[[ MATERIAL PROVIDED open ]]
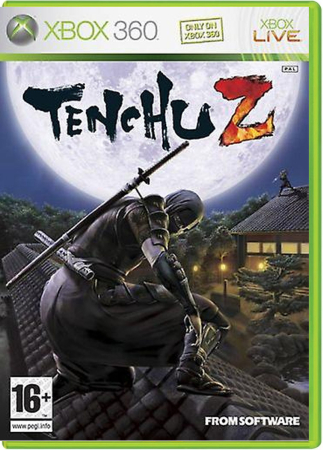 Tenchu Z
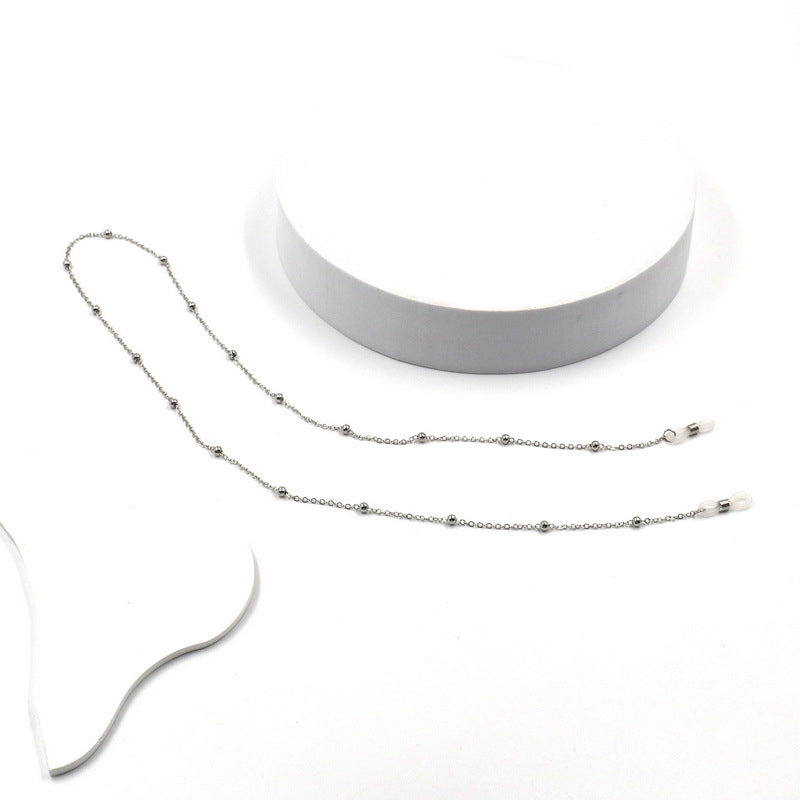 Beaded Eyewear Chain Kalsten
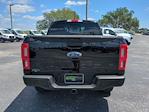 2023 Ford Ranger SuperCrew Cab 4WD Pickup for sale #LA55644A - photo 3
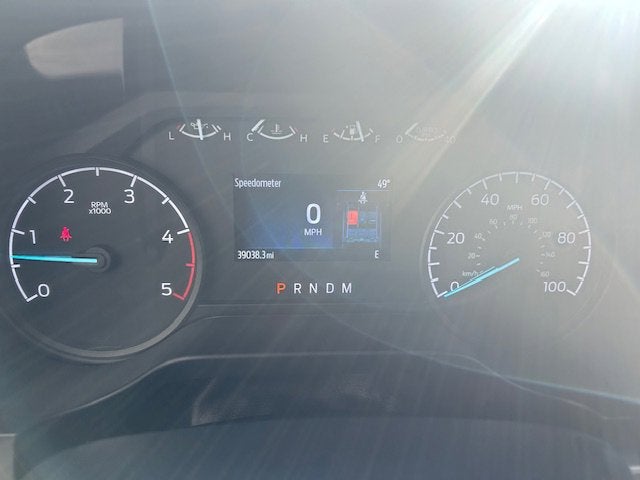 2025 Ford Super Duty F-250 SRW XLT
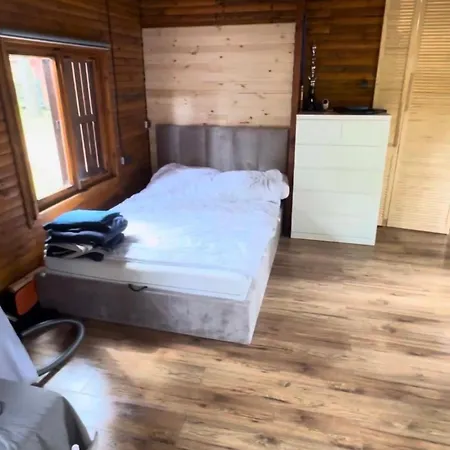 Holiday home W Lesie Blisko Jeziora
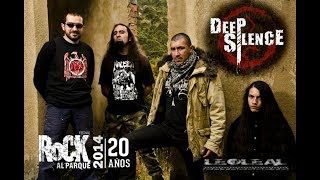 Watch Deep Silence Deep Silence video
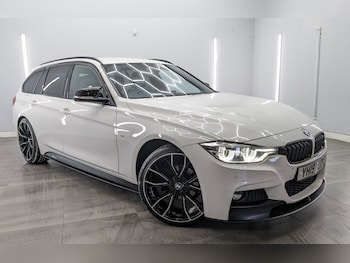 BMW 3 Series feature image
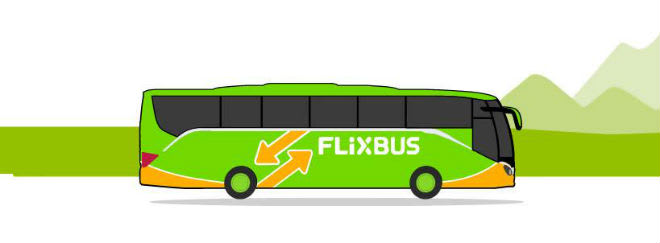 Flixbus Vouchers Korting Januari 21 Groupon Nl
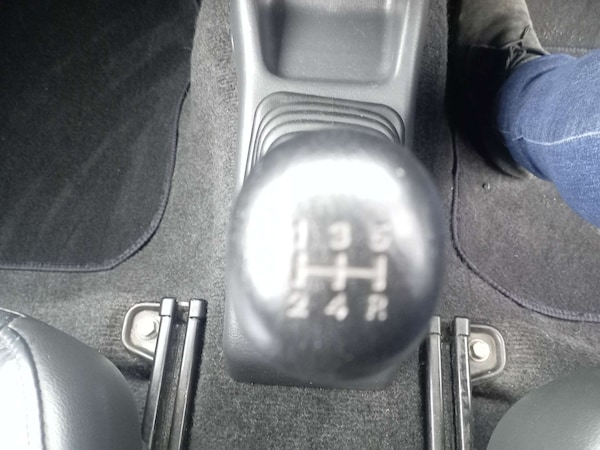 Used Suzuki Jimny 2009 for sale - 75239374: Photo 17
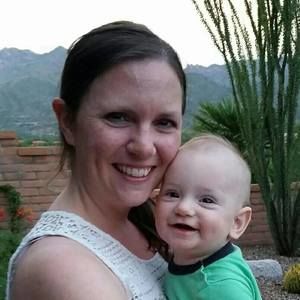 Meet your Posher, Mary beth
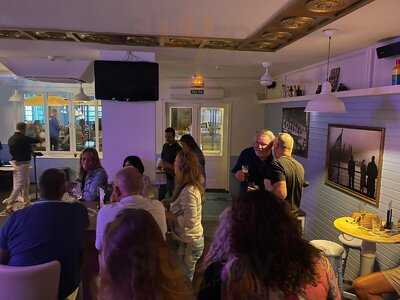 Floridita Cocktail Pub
[[ MATERIAL PROVIDED closed ]]
■ WHAT THE TASK ASKS
Each record is to be written out exactly. No picture goes in.

■ THE COMPLETED TASK
 Tenchu Z
 Beaded Eyewear Chain Kalsten
 2023 Ford Ranger SuperCrew Cab 4WD Pickup for sale #LA55644A - photo 3
 2025 Ford Super Duty F-250 SRW XLT
 Holiday home W Lesie Blisko Jeziora
 Watch Deep Silence Deep Silence video
 BMW 3 Series feature image
 Flixbus Vouchers Korting Januari 21 Groupon Nl
 Used Suzuki Jimny 2009 for sale - 75239374: Photo 17
 Meet your Posher, Mary beth
 Floridita Cocktail Pub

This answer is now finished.